Problem requirements: Every line below between the line holding "2020 Kia Sportage" and the line holding "der ÖVP Fürstenfeld.", inclusive, should be repeated exactly, and all other lines omitted.

Raw data:
= = = = =
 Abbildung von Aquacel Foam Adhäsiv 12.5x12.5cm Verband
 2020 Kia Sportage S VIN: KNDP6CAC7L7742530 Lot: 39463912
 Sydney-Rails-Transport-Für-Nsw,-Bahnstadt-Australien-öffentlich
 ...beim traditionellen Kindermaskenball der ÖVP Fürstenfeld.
= = = = =
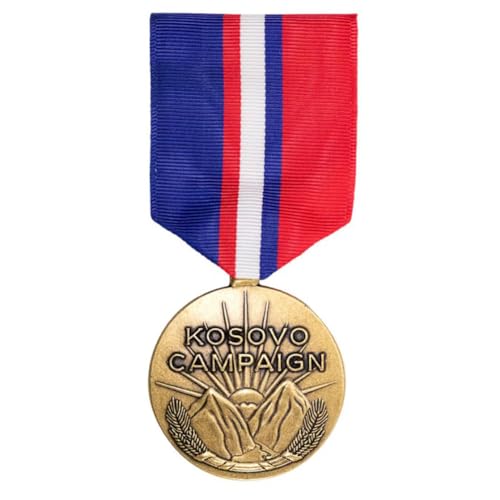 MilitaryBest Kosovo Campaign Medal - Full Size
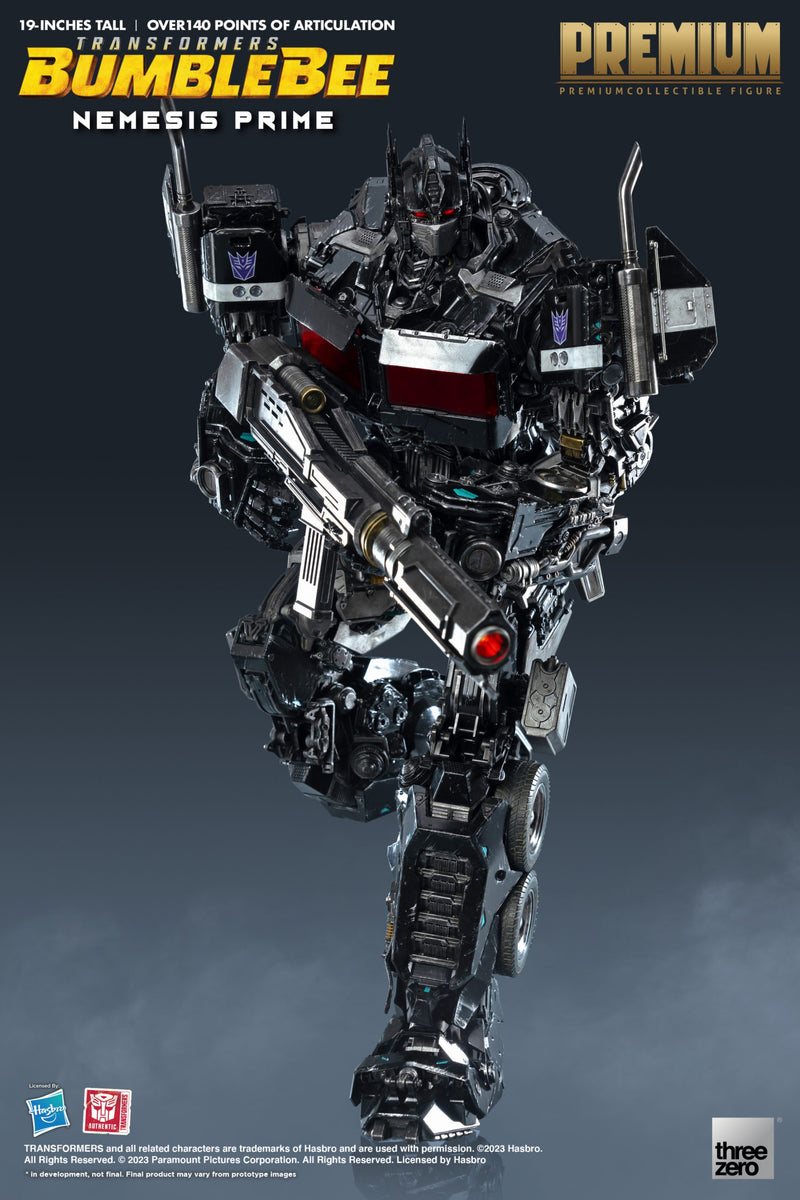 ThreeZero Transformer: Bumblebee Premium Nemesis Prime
= = = = =
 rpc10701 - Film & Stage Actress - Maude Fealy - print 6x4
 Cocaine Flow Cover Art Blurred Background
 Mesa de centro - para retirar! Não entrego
= = = = =
Completed task:
 2020 Kia Sportage S VIN: KNDP6CAC7L7742530 Lot: 39463912
 Sydney-Rails-Transport-Für-Nsw,-Bahnstadt-Australien-öffentlich
 ...beim traditionellen Kindermaskenball der ÖVP Fürstenfeld.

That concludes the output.